● **Work task**
Reproduce exactly the lines of the material beneath, from the line that contains "Jojo Siwa Large Rainbow Tie Dye Hair Bow Claire" to the line that contains "НОВАЯ Беспроводная игровая", both included, and no other lines.

● **Data provided**
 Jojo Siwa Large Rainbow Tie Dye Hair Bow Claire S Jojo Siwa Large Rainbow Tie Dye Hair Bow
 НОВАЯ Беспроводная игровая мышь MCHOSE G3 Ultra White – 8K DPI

==

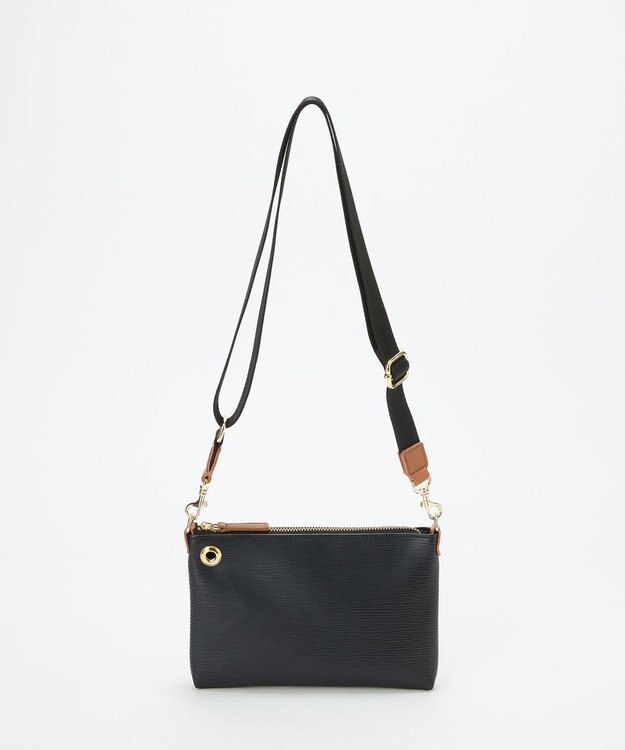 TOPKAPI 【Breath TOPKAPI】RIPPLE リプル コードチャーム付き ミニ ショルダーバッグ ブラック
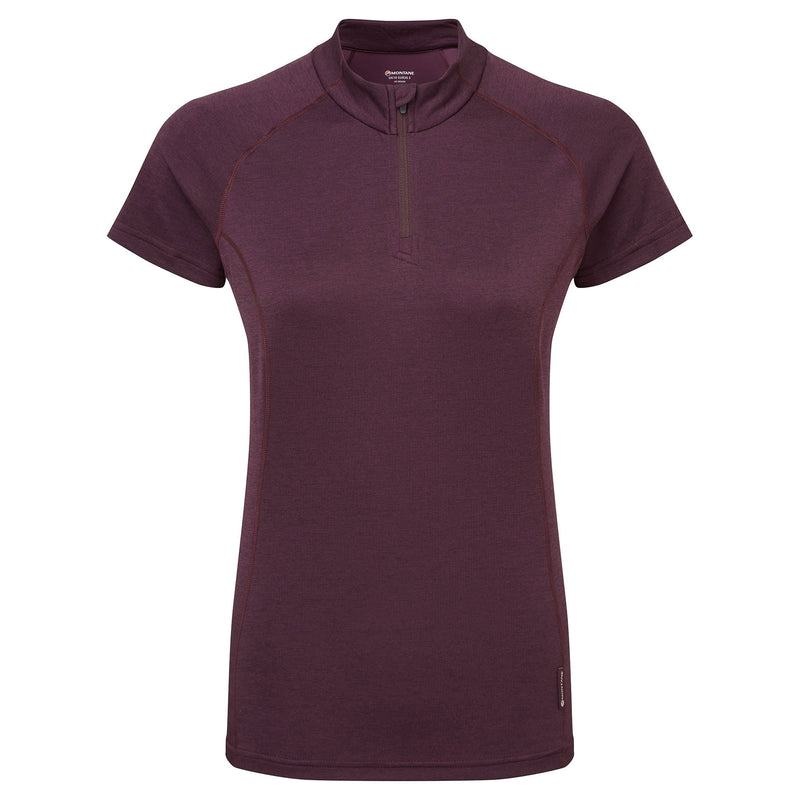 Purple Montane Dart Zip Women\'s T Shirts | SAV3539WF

● **The answer**
 Jojo Siwa Large Rainbow Tie Dye Hair Bow Claire S Jojo Siwa Large Rainbow Tie Dye Hair Bow
 НОВАЯ Беспроводная игровая мышь MCHOSE G3 Ultra White – 8K DPI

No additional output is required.